Hooked on Phonics
Redesigned navigation and information architecture to improve content discoverability and reduce friction for parents.

SERVICE
Product Design
CLIENT
Hooked on Phonics
DURATION
3 months, Sep - Dec 2025
MY ROLE
Product Designer & Project Manager
TOOLS
Figma
TEAM
Gloria Y, Aayushi B, Anvita S, Conor M
See the results
Project Overview
Improving Navigation and Content Discovery in a Learning Platform
Parents struggled to find relevant learning resources for their children in Hooked on Phonics due to unclear navigation and fragmented content structure.
In this project, I led UX research and design to uncover how users explored the platform and where they encountered friction. Through usability testing and behavioral analysis, I identified gaps in information architecture and navigation clarity, and translated these insights into a redesigned structure that improved discoverability and reduced cognitive load.
Impact
↓ Reduced navigation friction across key flows
↑ Improved content discoverability and engagement
↑ Faster access to learning resources
Defining the Challenge
When Navigation Doesn’t Match How Users Think
The Initial Assumption vs. The Reality
The initial assumption was that Learning Resources underperformed due to visibility and UI issues.

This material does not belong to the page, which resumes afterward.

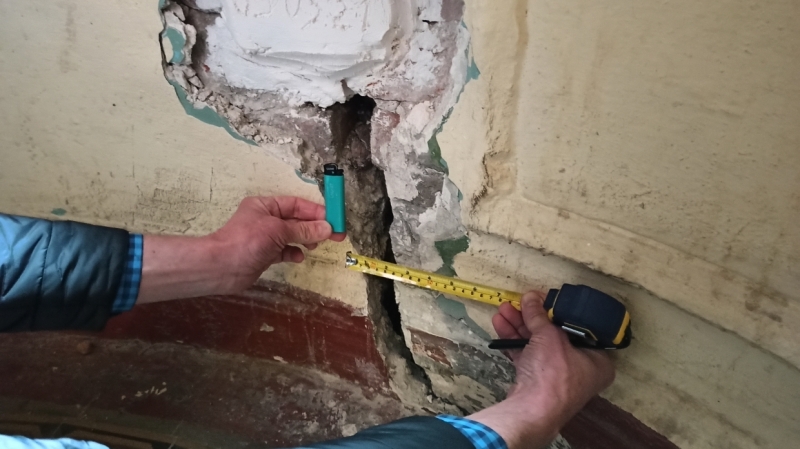 Жильцы дома Чубакова пойдут к прокурору из-за заявлений начальника Госстройнадзора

However, research revealed a deeper problem: the platform’s structure didn’t align with how parents expected to find and explore learning content. Users weren’t struggling because content was missing, they were struggling because they couldn’t find, interpret, or navigate it with confidence.
Validating Through Research
To understand where and why breakdowns occurred, I conducted exploratory research across stakeholders, competitors, and parents, focusing on how users search, scan, and decide.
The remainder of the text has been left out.